WHAT IS EXPECTED: Omit the pictures and copy the entries exactly.
-- PROVIDED RECORDS follows --
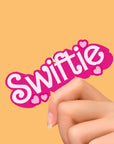 A pink and white air freshener out of its plastic packaging that reads, "Swiftie".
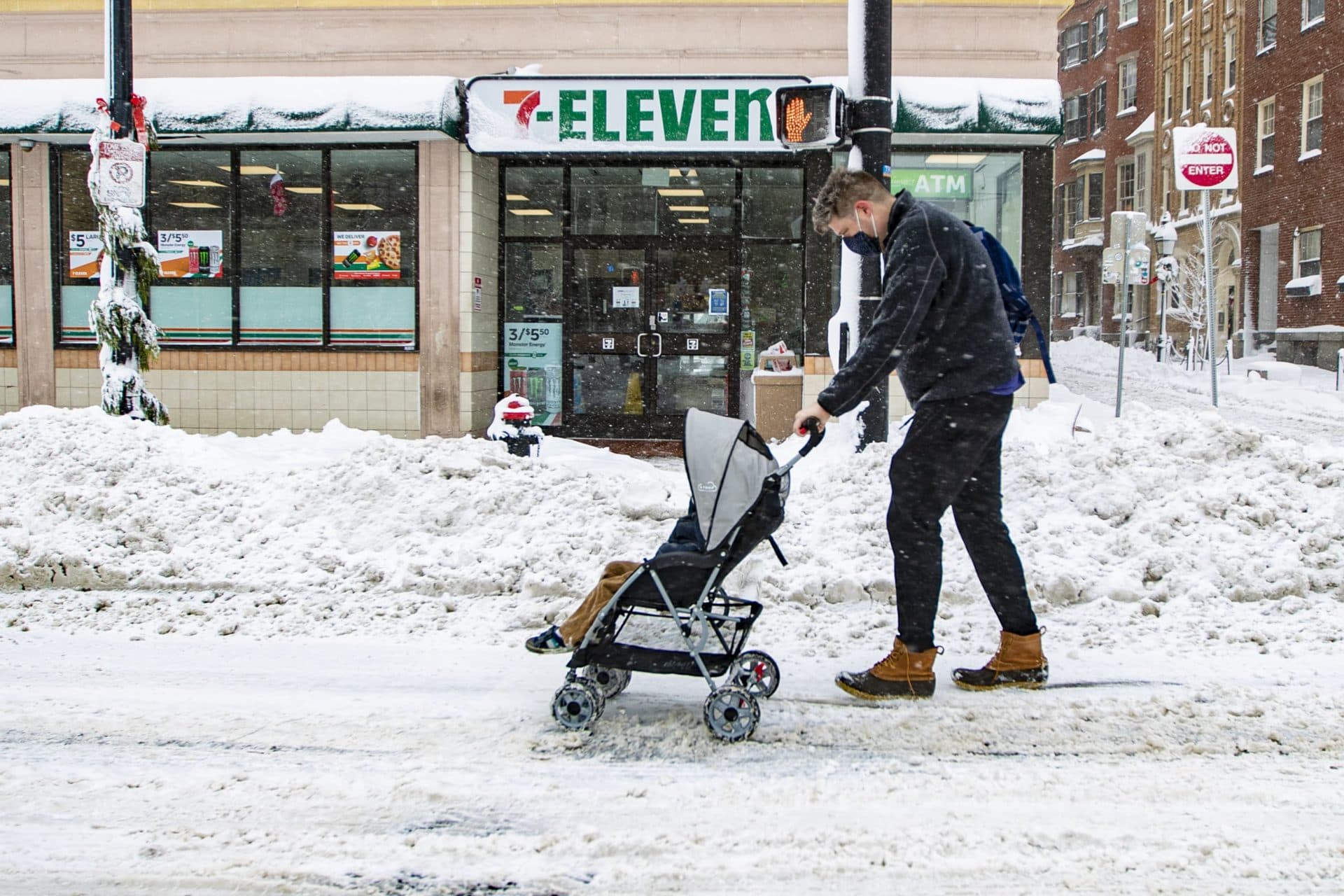 A man pushes a baby in a stroller down Cambridge Street. (Jesse Costa/WBUR)
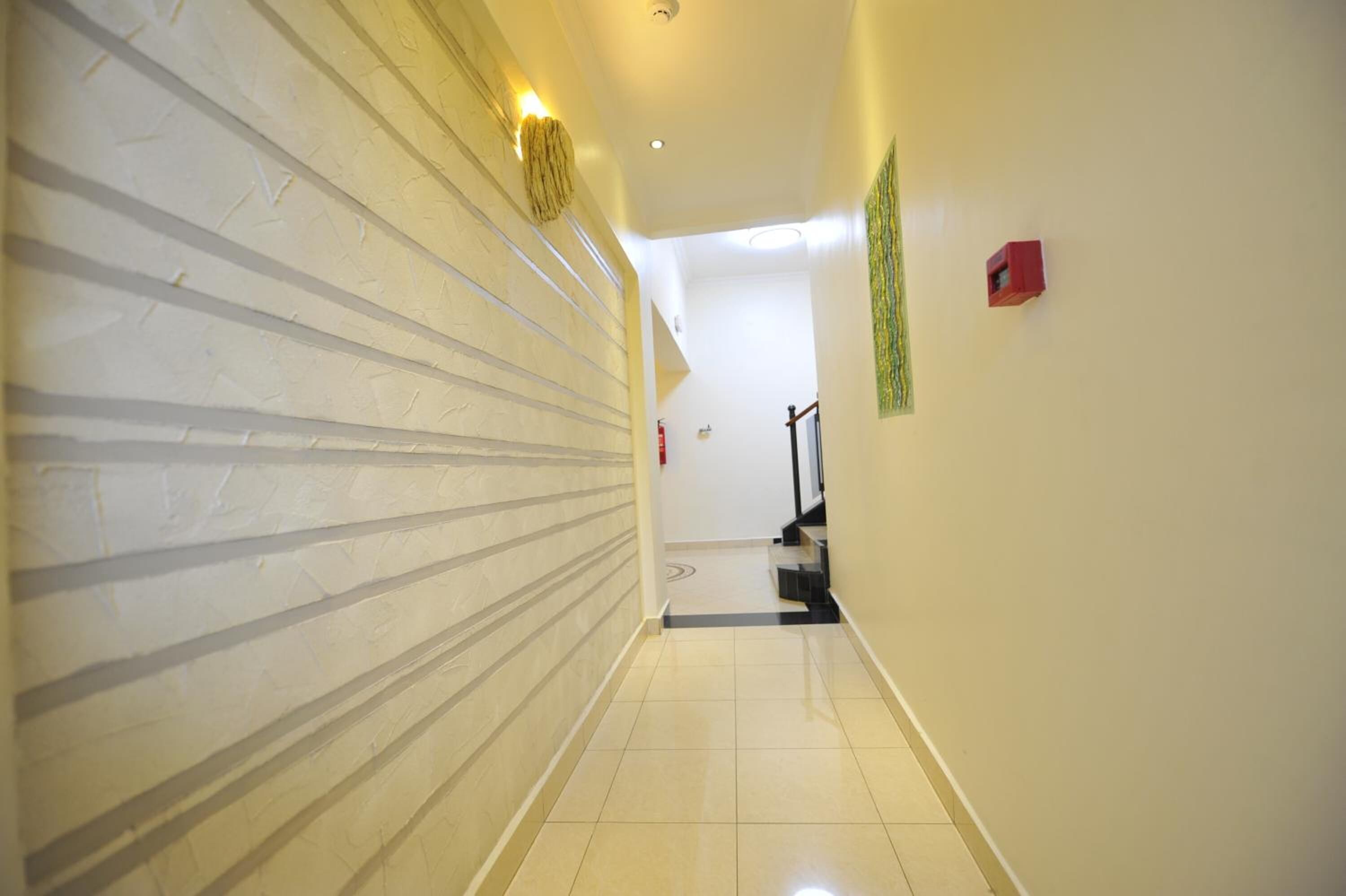 A hallway with a textured wall, a tiled floor, and a staircase at the end.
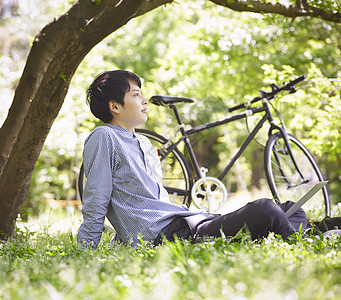坐在草坪上放松休息的男子图片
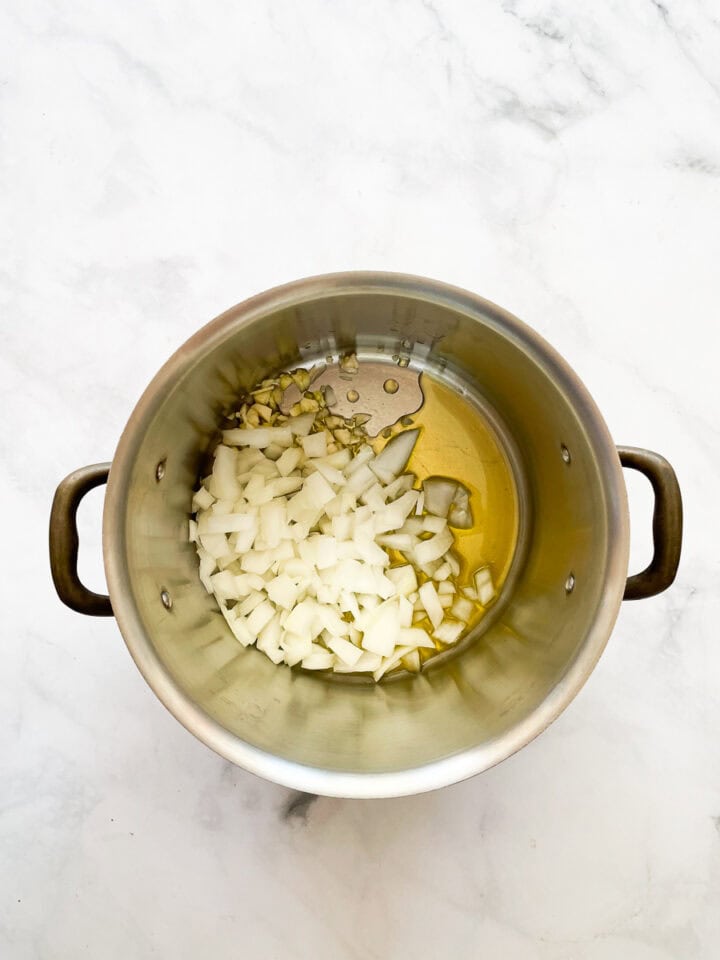 Garlic and onion are added to olive oil in a soup pot.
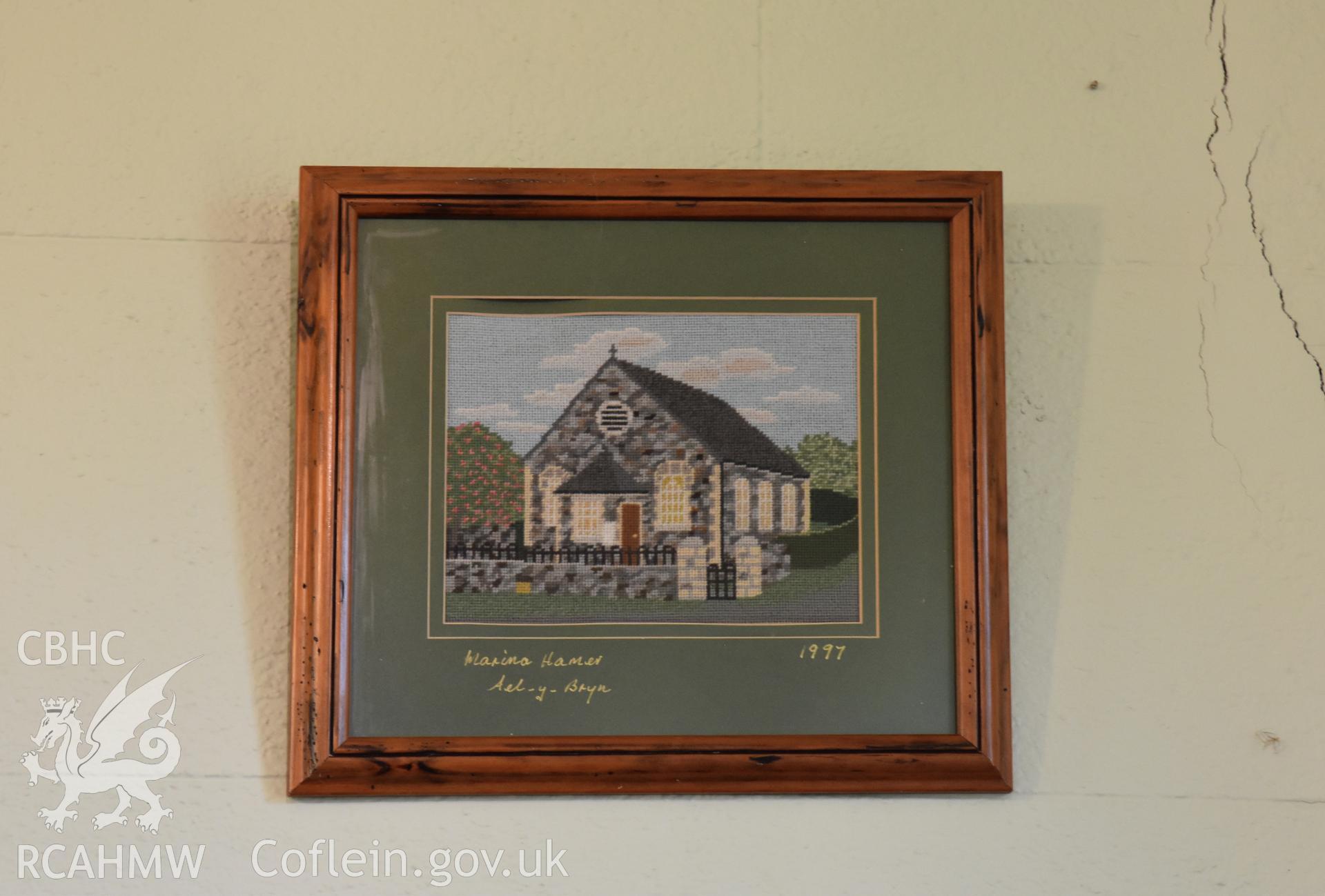 Colour photograph showing framed tapestry of Hyssington Chapel, signed 'Marina Hamer, Ael-y-Bryn 1997' at Hyssington Primitive Methodist Chapel, Hyssington, Churchstoke. Photographic survey conducted by Sue Fielding on 7th December 2018.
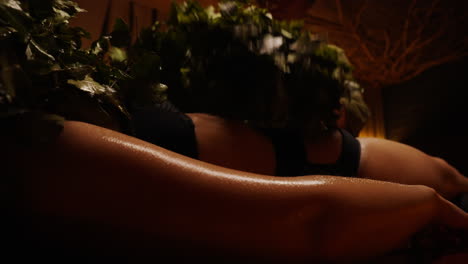 woman receiving herbal banya treatment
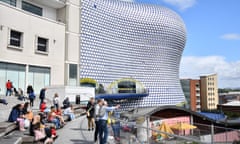 People sit outside the Bullring shopping centre in Birmingham.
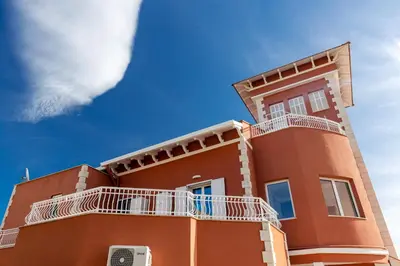a red building with white balconies and a blue sky at Villa Edera Rental Room in Santa Flavia
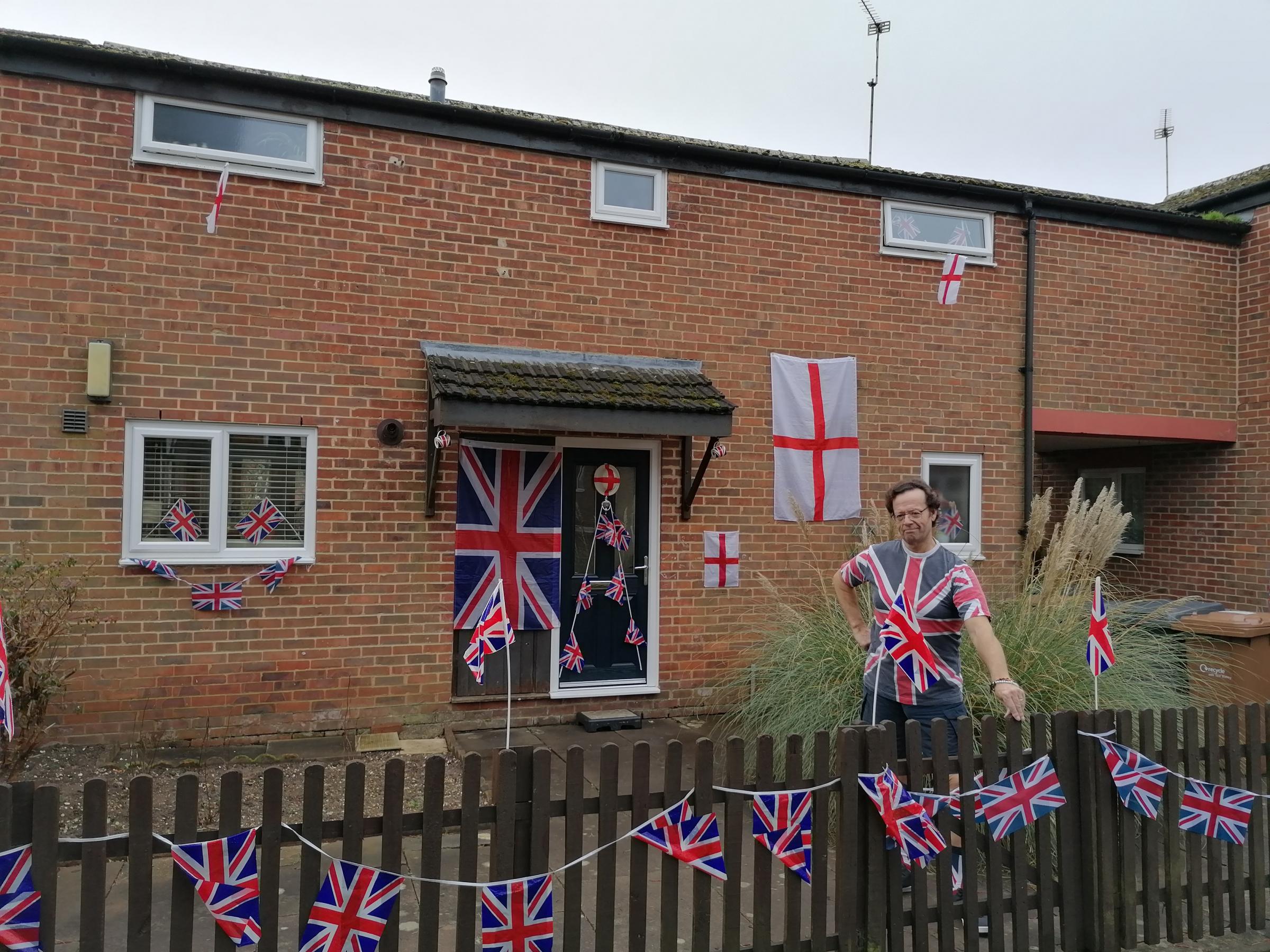 Bernie Lucker has decorated the front of his house in Union Jacks to pay tribute to Captain Sir Tom Moore.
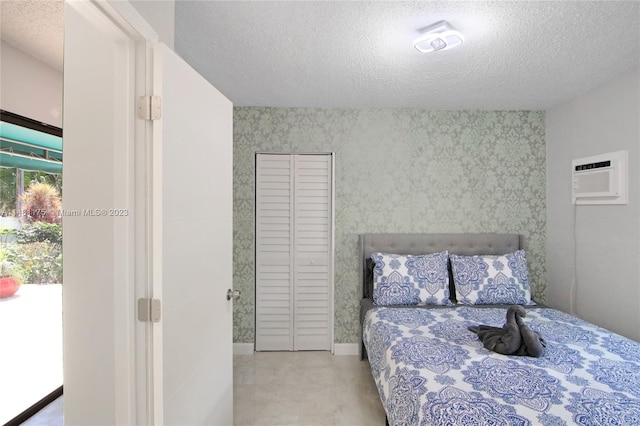 bedroom featuring an AC wall unit and a textured ceiling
-- PROVIDED RECORDS concluded --
WRITTEN ANSWER:
 A pink and white air freshener out of its plastic packaging that reads, "Swiftie".
 A man pushes a baby in a stroller down Cambridge Street. (Jesse Costa/WBUR)
 A hallway with a textured wall, a tiled floor, and a staircase at the end.
坐在草坪上放松休息的男子图片
 Garlic and onion are added to olive oil in a soup pot.
 Colour photograph showing framed tapestry of Hyssington Chapel, signed 'Marina Hamer, Ael-y-Bryn 1997' at Hyssington Primitive Methodist Chapel, Hyssington, Churchstoke. Photographic survey conducted by Sue Fielding on 7th December 2018.
 woman receiving herbal banya treatment
 People sit outside the Bullring shopping centre in Birmingham.
a red building with white balconies and a blue sky at Villa Edera Rental Room in Santa Flavia
 Bernie Lucker has decorated the front of his house in Union Jacks to pay tribute to Captain Sir Tom Moore.
 bedroom featuring an AC wall unit and a textured ceiling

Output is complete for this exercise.